Ditambah lagi perbendaharaan kosa kata bahasa Jawa saya masih sangat minim. Tapi bukan berarti saya menutup diri sama sekali. Pelan-pelan saya mempelajari bahasa Jawa dari ceramah atau obrolan suami dengan kawan-kawannya, saya juga sering menanyakan artinya jika ada yang tidak saya mengerti. Kemudian tak jarang juga saya bergabung dengan ibu-ibu di lingkungan saya, saat belanja sayur misalnya. But, Believe it or not! Saat itu juga saya seperti sedang dalam ruangan berkaca yang kedap suara, dan mereka berada di luar ruangan yang berbeda dengan saya. Saya melihat mereka tapi mereka tidak melihat saya. Saya tidak mengerti apa-apa yang mereka bicarakan dan anehnya saya memang tidak benar-benar ingin mengerti. Dan ‘awkward moment’ tersebut sering terjadi di kehidupan saya belakangan ini. Saya pun hanya diam, tersenyum dan pura-pura mengamati.

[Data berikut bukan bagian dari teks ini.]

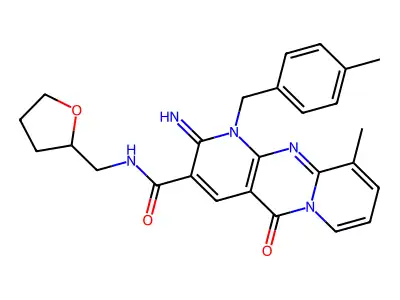 2-imino-10-methyl-1-(4-methylbenzyl)-5-oxo-N-(tetrahydrofuran-2-ylmethyl)-1,5-dihydro-2H-dipyrido[1,2-a:2',3'-d]pyrimidine-3-carboxamide structure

Situasi yang saya alami memang terjadi bukan tanpa alasan. Pernah saya agak kecewa kepada orang yang saya sudah memiliki antusias untuk memiliki hubungan bertetangga yang lebih intim. Namun ia tidak pernah mengajak saya untuk berbicara lebih dalam dan menanggapi obrolan yang saya angkat dan kemumakan. Seolah-olah apa yang saya katakan kepadanya itu tidak ada artinya apa-apa. Saya pernah mengutarakan bahwa saya senang memiliki teman baru yang bisa saya ajak berdiskusi. Dengan pengakuan seperti itu, saya berharap ia bisa mengenalkan saya kepada lingkungan baru secara lebih intens lagi. Saya juga pernah sesekali minta diajak jika sewaktu-waktu ia ingin berbelanja ke pasar.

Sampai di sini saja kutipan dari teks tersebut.